*Work instructions*:
Give the data again exactly as it appears, excluding any pictures.

*Task input*:
━━━━

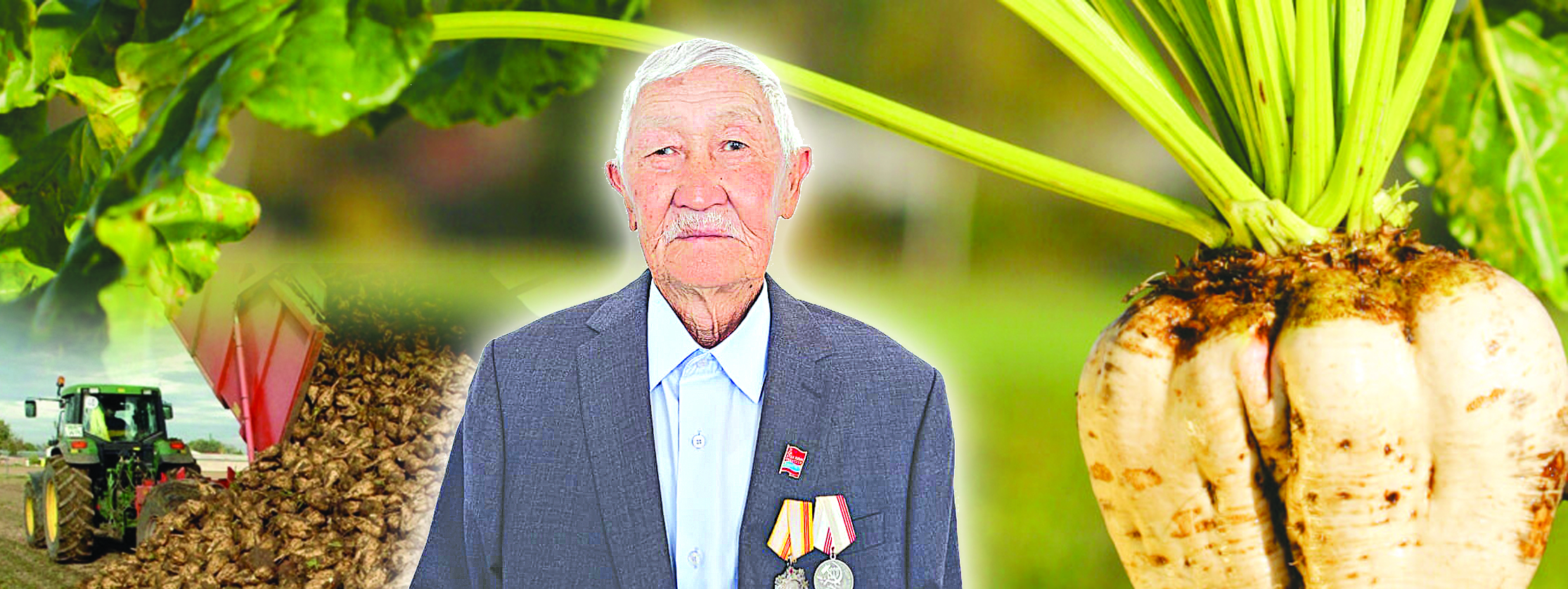 قىزىلشا ەگۋدىڭ مايتالمانى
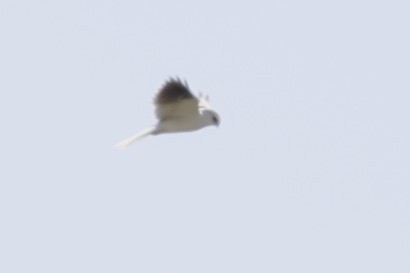 White-tailed Kite - ML616234940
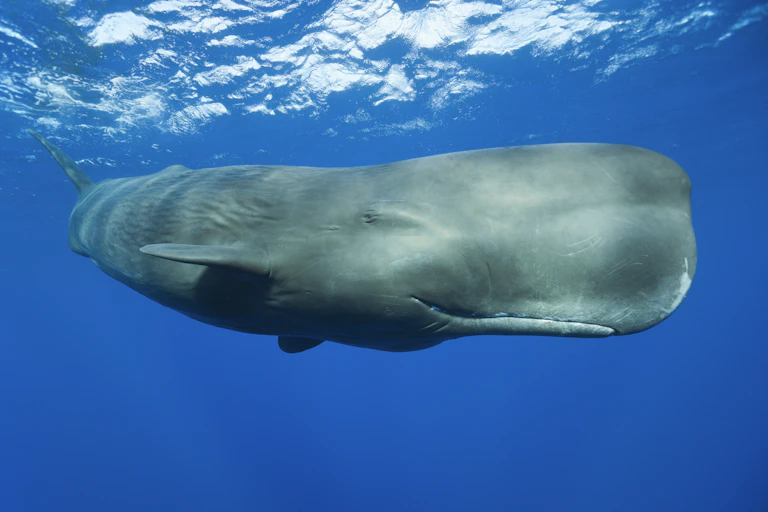 A sperm whale swimming near the ocean surface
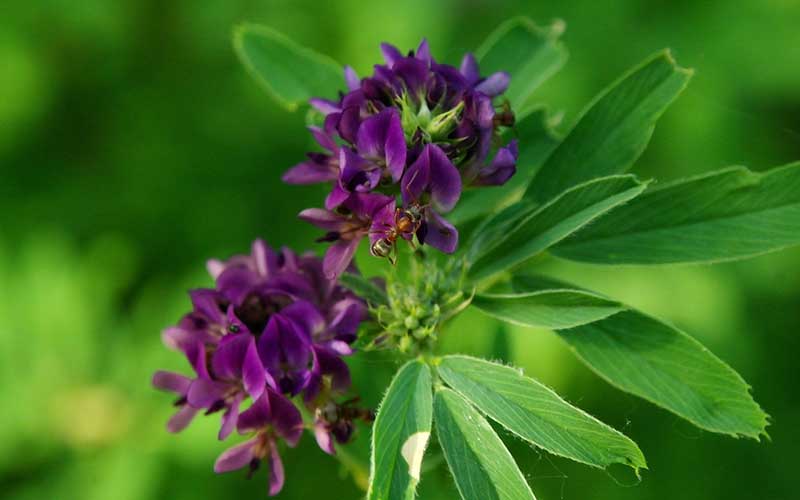 Planting and Feeding Drought-tolerant Alfalfa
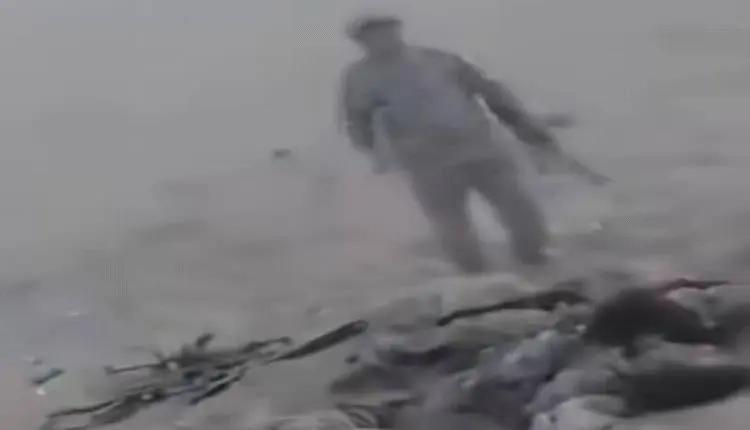 نداء إنساني عاجل لانتشال جثامين قتلى الحوثيين في م...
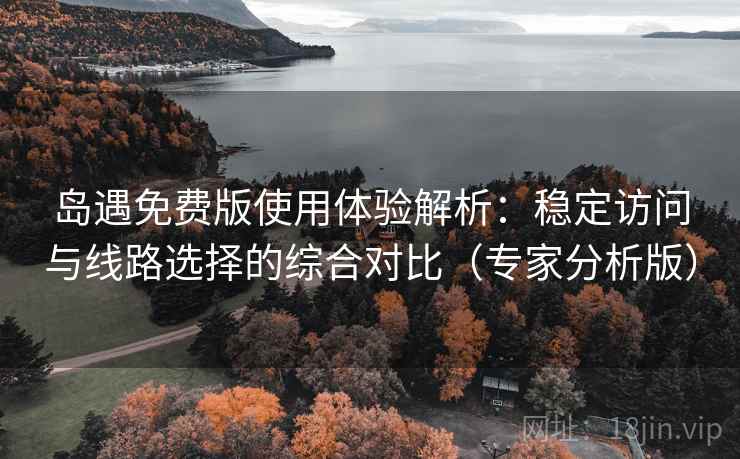 岛遇免费版使用体验解析：稳定访问与线路选择的综合对比（专家分析版）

━━━━

*Written reply*:
 قىزىلشا ەگۋدىڭ مايتالمانى
 White-tailed Kite - ML616234940
 A sperm whale swimming near the ocean surface
 Planting and Feeding Drought-tolerant Alfalfa
 نداء إنساني عاجل لانتشال جثامين قتلى الحوثيين في م...
 岛遇免费版使用体验解析：稳定访问与线路选择的综合对比（专家分析版）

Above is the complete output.